The MLOps reference architecture is a set of open-source tools carefully chosen to ease user experience of experimenting and deploying machine learning models.
In this repository, we provide these applications as Terraform modules with which the user will be able to install them into a Kubernetes cluster. The tools we provide are the following:
- Prefect for data flow automation
- Jupyter Hub for experimenting lab
- Dask for distributed computing
- Feast for Feature Store and Serving
- MLFlow for model registry and experiment tracking
- Seldon for model deployment
With the Jupyter Hub, we enabled a multi-user environment in which each of them can spawn a Jupyter server to do their experiments. Users can work on different environments being able to install any library necessary to meet their needs.
We provide a default Jupyter server image that comes with most of the data science packages installed. Users can use their own Jupyter server images as well.
Below we provide a lists of the configurable parameters available and their default values.
Parameter (* required parameter) | Description | Default |
---|---|---|
jupyterhub_namespace |
Namespace to install jupyterhb | jhub |
The proxy receives the requests from the client’s browser and forwards all requests to the Hub. In the JupyterHub docs you can find a more in-depth explanation.
* Required parameters
Parameter | Description | Default |
---|---|---|
jhub_proxy_https_enabled |
Indicator to set whether HTTPS should be enabled or not on the proxy | false |
jhub_proxy_https_hosts |
You domains in list form. Required for automatic HTTPS | [] |
jhub_proxy_secret_token * |
A 32-byte cryptographically secure randomly generated string used to secure communications between the hub and the configurable-http-proxy (for example, generated by openssl rand -hex 32 ) |
nil |
jhub_proxy_https_letsencrypt_contact_email |
The contact email to be used for automatically provisioned HTTPS certificates by Let’s Encrypt | "" |
JupyterHub’s OAuthenticator has support for enabling your users to authenticate via a third-party OAuth2 identity provider such as GitHub.
You can configure authentication using GitHub accounts and restrict what users are authorized based on membership in a GitHub organization.
See details on how to set up a GitHub Oauth here.
If you choose not to use GitHub to authenticate users, the DummyAuthenticator will be used as default. The Dummy Authenticator lets any user log in with the given password.

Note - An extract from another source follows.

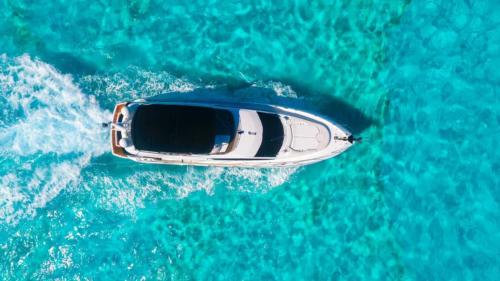 64 Ft Sunseeker Manhattan yacht rental in Cancun by Riviera Charters 22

The dummy password is: a-shared-secret-password
.
* Required parameters ** Required when oauth_github_enable
is
enabled
Parameter | Description | Default |
---|---|---|
oauth_github_enable |
Defines whether the authentication will be handled by github oauth. Required when oauth_github_enable is enabled |
false |
oauth_github_client_id ** |
Github client id used on GitHubOAuthenticator. | "" |
oauth_github_client_secret ** |
Github secret used to authenticate with github. | "" |
oauth_github_admin_users |
List of github user names to allow as administrator | [] |
oauth_github_callback_url |
The URL that people are redirected to after they authorize your GitHub App to act on their behalf | "" |
oauth_github_allowed_organizations |
List of Github organization to restrict access to the members | [""] |
Single user configuration refers to the default settings for each user logged in the JupyterHub.
A user can choose a Docker image to spawn a new Jupyter server. Each
Docker image can have different libraries and environments installed. We
use the singleuser_profile_list
parameter to set up a list of default
images available to the user. This parameter receives a list of maps
that describes the image details such as the image location and
description.
See an example:
[{
display_name = "Prefect"
description = "Notebook with prefect installed"
default = true
kubespawner_override = {
image = "drtools/prefect:notebook-prefect"
}
}]
You must pass the image pull secret if you provide an image located in a private container registry. The image pull secret parameter is defined as below:
default = [{
name = ""
}]
Parameter | Description | Default |
---|---|---|
singleuser_profile_list |
List of images which the user can select to spawn a server | |
singleuser_image_pull_secrets |
List of image secrets | nil |
singleuser_image_pull_policy |
Image pull policy | Always |
singleuser_memory_guarantee |
How much memory will be guarateed to the user | 1G |
singleuser_storage_capacity |
How much storage capacity a user will have | 1G |
singleuser_storage_mount_path |
Storage mount path | /home/jovyan/persistent |
...
Parameter | Description | Default |
---|---|---|
namespace |
Namespace name to deploy the application | `prefect |
prefect_version_tag |
Configures the default tag for prefect images | latest |
According to Prefect docs, Agents are lightweight processes for orchestrating flow runs. Agents run inside a user's architecture, and are responsible for starting and monitoring flow runs. During operation the agent process queries the Prefect API for any scheduled flow runs, and allocates resources for them on their respective deployment platforms.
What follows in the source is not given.